Cayman Airways was among the first airlines in the world to ground its Max 8 planes after Sunday’s tragic incident, which killed 157 people. We applaud their abundance of caution. Taking the planes out of service while investigators search for answers may cause a few scheduling headaches, but it was the right thing for officials to do.
It is not yet known what caused the accident, or last fall’s fatal crash of another Max 8 in Indonesia – a Lion Air flight which crashed minutes after takeoff, killing all 189 people on board. Aviation experts say there simply is not enough information to determine whether the planes malfunctioned or otherwise contributed to the crashes.

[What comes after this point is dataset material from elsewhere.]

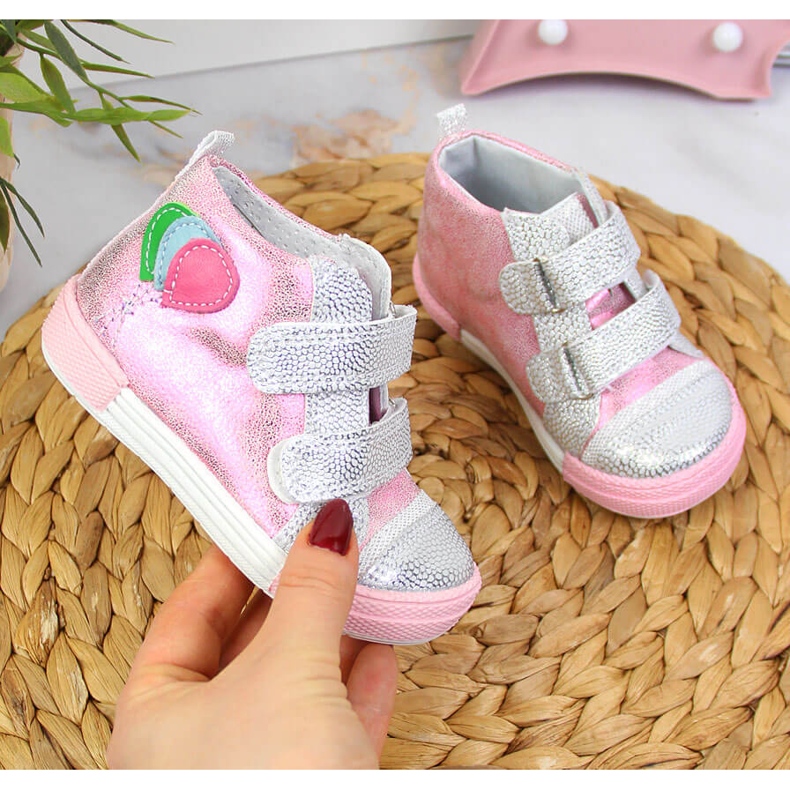 Zapatos niña con velcro Kornecki 6790 rosado 1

That has not assuaged the fears of worried travelers or prevented them from drawing their own conclusions. By midday, dozens of carriers in Europe, the Americas, the Middle East, Africa and Asia had grounded their Max 8 jets as a precautionary measure. Entire countries prohibited their operations. The planes had been banned from airspace in the United Kingdom and the European Union.
Indonesia-based aviation expert Gerry Soejatman told the Associated Press on Tuesday that airlines were being flooded with inquiries in a global response he likened to “mass hysteria.” Both Boeing and the U.S. Federal Aviation Administration gave assurances on Tuesday that they believe the Max 8 jet is safe.
Founded or unfounded, there is no question that travelers’ concerns are deeply felt.
As the Compass reports on today’s front page, Cayman’s visitors and residents overwhelmingly applauded officials’ decision on social media. Traveler Robert Smith wrote on the Compass Facebook page, “Cayman Airways has an exceptional safety record and this decision shows one reason why.”
There is no cause to panic. Nor is there any lasting harm in grounding the planes until more is known.
It is also worth remembering that air travel is normally an exceptionally safe way to travel. As heartbreaking as they may be, that two crashes a half-year apart and half a world away can generate this type of strong response, is a testament to just how unusual an occurrence air-related accidents truly are.
As the New York Times noted in an article on Tuesday, more than 340 Max 8 planes are currently registered with aviation authorities. In a single week last month, Max 8 planes flew more than 8,500 fights, flight tracking service Flightradar24 told Times reporters.
If the two accidents do prove to have been nothing but terrible coincidence, the world will breathe a collective sigh of relief.
But there are times when our perception of safety, and officials’ response to troubling situations, is as important as the actual truth.